Spirit had plans to spend sols 136 through 139 observing its surroundings with the remote sensing instruments on its mast, and then exploring the trench it dug on sol 135 with the instruments on the robotic arm. However, an anomaly on sol 136 restricted the rover's activity, allowing Spirit to achieve only remote science objectives during the four-sol segment. Spirit has since fully recovered and has resumed normal science operations. On sol 136, engineers sent Spirit its commands and received the beep confirming that they were running. However, the afternoon pass by NASA’s Mars Odyssey orbiter did not provide any data, and the orbiter reported that it had not heard from Spirit's UHF antenna. Engineers first thought was that the signal might have been blocked by the "Columbia Hills" because of the low elevation pass of Odyssey. The telecommunications team disagreed with this hypothesis and thought something might be wrong. Scientists and engineers would have to wait until the afternoon of sol 137 for their next communications opportunity.

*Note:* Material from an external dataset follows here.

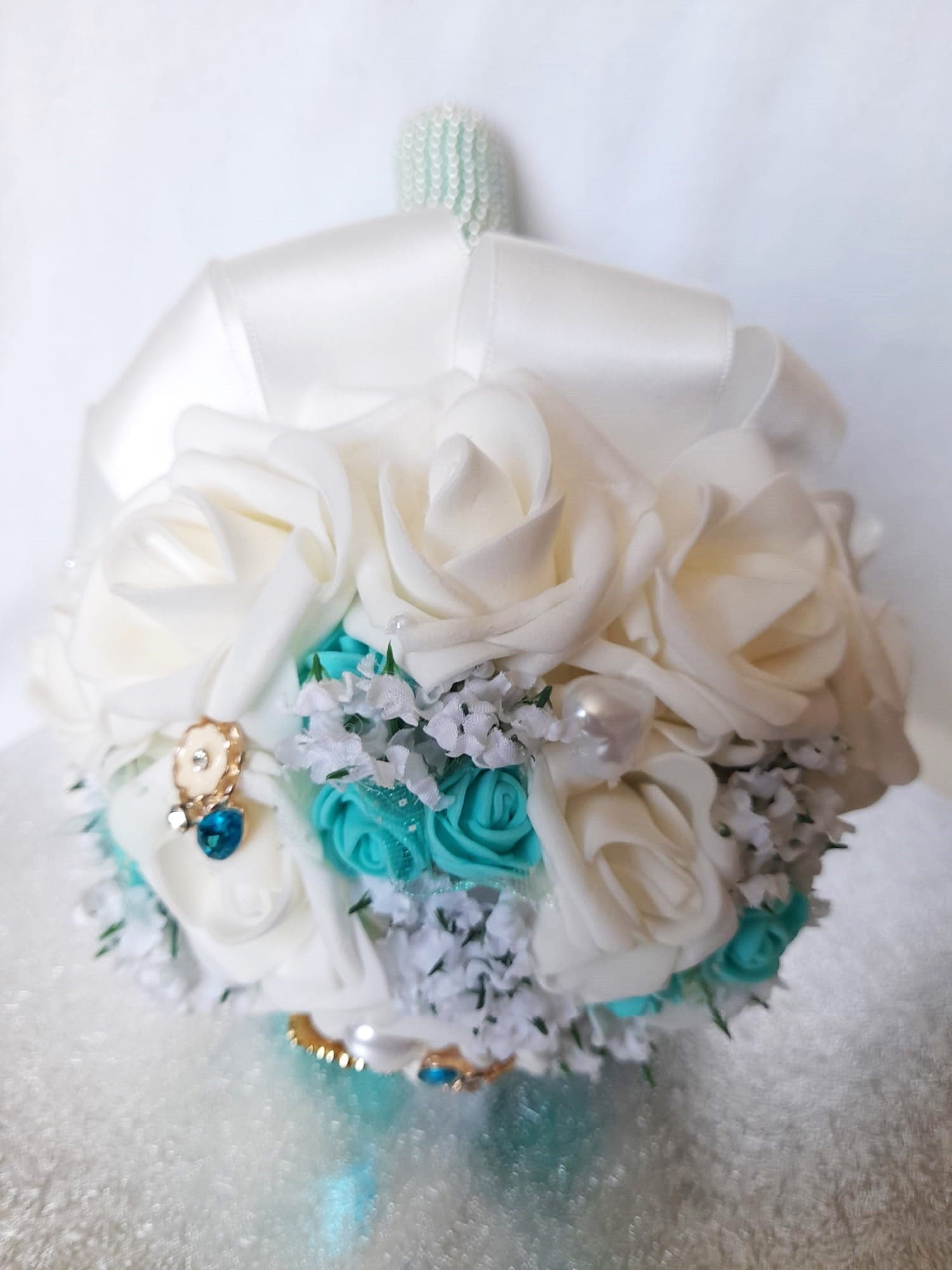 Handmade Tiffany Blue Bridal Bouquet with Brooch Accents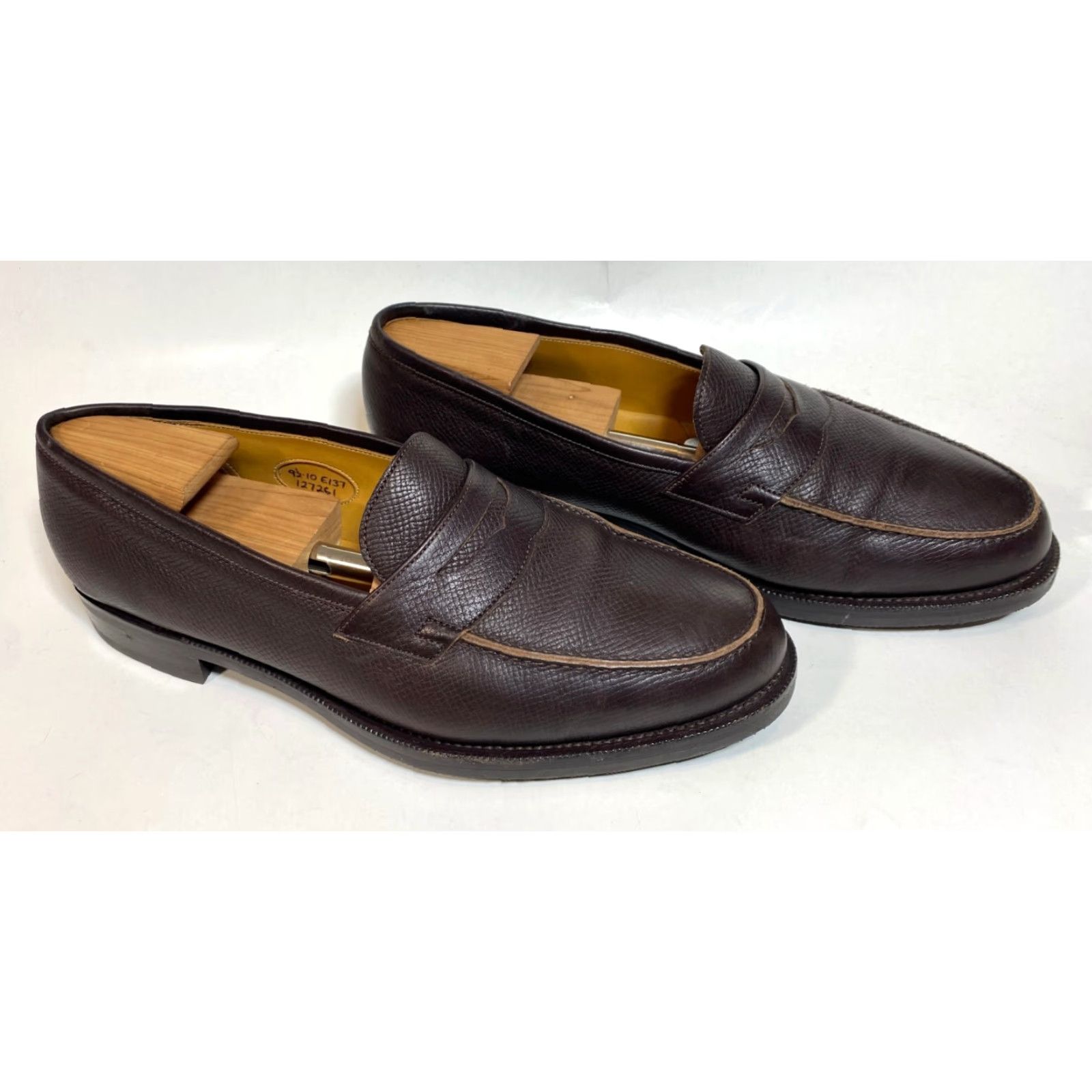 Edward Green Edward Green Duke Loafer Dark Brown Utah 9.5-10 E Mens Leather Dress Slip On Shoes, Handmade, UK Made Size US 10 / EU 43 - 4 Thumbnail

During sols 136 and 137, engineers executed a number of communication trials with Spirit, but did not receive any telemetry from the rover, or have any indication of what had gone wrong until finally data came back from a sol 137 afternoon pass by NASA’s Mars Global Surveyor. That pass revealed that on sol 136, Spirit's software had experienced an extremely low probability error that rebooted the computer and terminated all the sequences. This error created a domino effect of communication difficulties and explained why engineers had not been able to make contact with the rover. All the anomaly events are understood.

Sol 138 was spent recovering the state of the rover, including reestablishing a master sequence, restoring high-gain antenna communications, and reinitializing the panoramic camera mast actuators whose positions had been marked as unknown.

On sol 139, Spirit performed the remote-sensing observations that had been lost along with some observations coordinated with Mars Global Surveyor that had been planned for sol 138. All activities on sol 139 completed successfully, which verified that Spirit had returned to normal science operations.

Engineers have developed a way to reduce even further the probability of encountering this particular error again and reported that on the bright side, Spirit was able to fully charge its batteries during the anomaly.

Sol 140 picked up with the original plan for Sol 137, performing in-situ work in the trench.